The catch, and why it stayed on paper

This is where I keep myself honest, because "it works" is doing some lifting. In one dimension the coefficient was three numbers. Here it's a 2K×2K2K \times 2K matrix — quadratic in the number of supported tokens just to store, and cubic to push around: multiplying two 2K×2K2K \times 2K matrices is O(K3)O(K^3), and a deposit or withdrawal needs the coefficient's inverse, also O(K3)O(K^3). (A single liquidation is only a rank-one update, so you can fold one in at O(K2)O(K^2) if you're careful — but the general bookkeeping is cubic.) After a few compositions the tidy rank-one structure is gone, and you're storing a dense matrix on-chain, updating it per liquidation, and inverting it whenever someone deposits or withdraws (to push their change back into scaled form). None of that is exotic, but none of it is free, and fixed-point precision over many composed multiplications is its own small nightmare.

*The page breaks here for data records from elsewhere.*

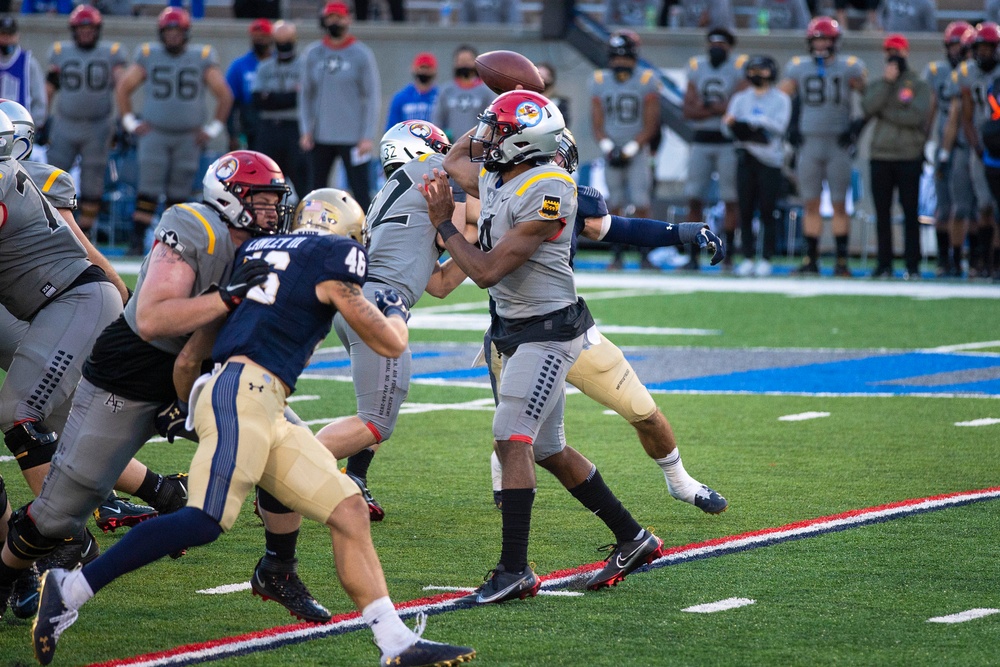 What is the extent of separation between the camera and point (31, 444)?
5.76 metres

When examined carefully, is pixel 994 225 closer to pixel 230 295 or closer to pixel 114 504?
pixel 114 504

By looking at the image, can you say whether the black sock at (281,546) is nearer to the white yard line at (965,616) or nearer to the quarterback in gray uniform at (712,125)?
the white yard line at (965,616)

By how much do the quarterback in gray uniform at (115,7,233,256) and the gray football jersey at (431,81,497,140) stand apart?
7.20ft

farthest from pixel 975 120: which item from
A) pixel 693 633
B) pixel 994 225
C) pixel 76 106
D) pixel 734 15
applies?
pixel 693 633

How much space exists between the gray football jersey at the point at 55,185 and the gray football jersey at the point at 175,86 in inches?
401

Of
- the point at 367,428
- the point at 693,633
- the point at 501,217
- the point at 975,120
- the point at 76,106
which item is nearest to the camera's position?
the point at 693,633

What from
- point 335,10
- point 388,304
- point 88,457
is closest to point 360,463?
point 88,457

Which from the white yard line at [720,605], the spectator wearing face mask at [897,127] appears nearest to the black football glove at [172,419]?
the white yard line at [720,605]

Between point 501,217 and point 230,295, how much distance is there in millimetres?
1268

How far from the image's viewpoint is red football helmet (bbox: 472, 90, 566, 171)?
5496 mm

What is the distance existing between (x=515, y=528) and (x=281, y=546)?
0.81m

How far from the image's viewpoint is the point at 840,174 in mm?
16172

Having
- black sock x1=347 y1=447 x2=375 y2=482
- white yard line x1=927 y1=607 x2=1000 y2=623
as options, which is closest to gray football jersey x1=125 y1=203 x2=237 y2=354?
black sock x1=347 y1=447 x2=375 y2=482

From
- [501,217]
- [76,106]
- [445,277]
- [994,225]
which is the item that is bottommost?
[994,225] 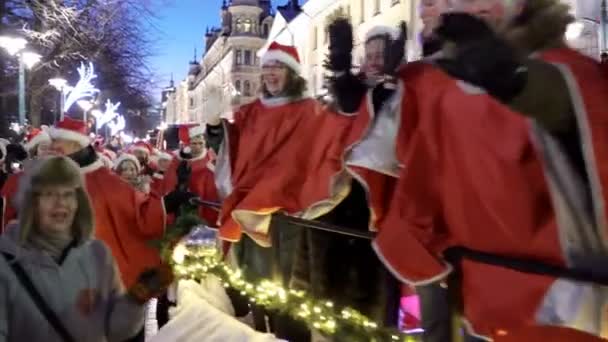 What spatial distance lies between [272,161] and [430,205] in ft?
8.40

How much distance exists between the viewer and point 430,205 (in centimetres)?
291

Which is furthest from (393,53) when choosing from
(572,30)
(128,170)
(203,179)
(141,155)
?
(141,155)

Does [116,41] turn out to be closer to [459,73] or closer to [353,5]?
[353,5]

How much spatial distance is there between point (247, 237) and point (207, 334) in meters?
0.70

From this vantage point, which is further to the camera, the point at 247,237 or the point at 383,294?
the point at 247,237

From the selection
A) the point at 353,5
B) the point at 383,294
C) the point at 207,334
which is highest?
the point at 353,5

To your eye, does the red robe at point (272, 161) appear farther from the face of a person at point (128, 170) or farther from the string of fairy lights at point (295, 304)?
the face of a person at point (128, 170)

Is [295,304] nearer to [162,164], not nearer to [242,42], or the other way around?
[162,164]

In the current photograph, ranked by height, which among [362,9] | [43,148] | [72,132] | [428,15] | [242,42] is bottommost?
[43,148]

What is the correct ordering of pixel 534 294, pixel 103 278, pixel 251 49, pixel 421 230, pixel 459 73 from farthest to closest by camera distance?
1. pixel 251 49
2. pixel 103 278
3. pixel 421 230
4. pixel 534 294
5. pixel 459 73

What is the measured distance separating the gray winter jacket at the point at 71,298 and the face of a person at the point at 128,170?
529 cm

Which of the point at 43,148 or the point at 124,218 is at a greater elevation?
the point at 43,148

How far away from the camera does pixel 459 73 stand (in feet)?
6.98

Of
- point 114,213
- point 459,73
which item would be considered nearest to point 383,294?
point 114,213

Which lands me back where the SNARK post did. The single-token trick is O(1) and nearly weightless. The multi-token version is still O(1) in the number of bailsmen — the thing that actually hurt — but it trades a handful of scalars for a matrix and a pile of bookkeeping, and whether that beats the plain chunked queue Equilibrium already ran is exactly the comparison I never made. I technically still could — the Equilibrium source is public to this day — but the question stopped mattering a long time ago, and outside of scientific curiosity I'm too lazy to benchmark a dead one. My honest guess is the same as it was for the SNARK: probably not worth it. It stayed a derivation for a reason.

What it comes down to

The thing I like about this one is what it did to the earlier post. "It's just a 2×2 matrix" felt like the answer in the single-token world. It was really a special case — the place where a general truth happens to be small enough to look tidy. Add a second dimension and the 2×2 stretches into a 2K×2K2K \times 2K; the elegance was a property of K=1K = 1, not of the idea. The idea — a pool-wide rewrite is one global linear map you apply lazily — survives intact. It just stops being small enough to fit in your head — and a good part of engineering is deciding whether something you can no longer hold whole is still worth building.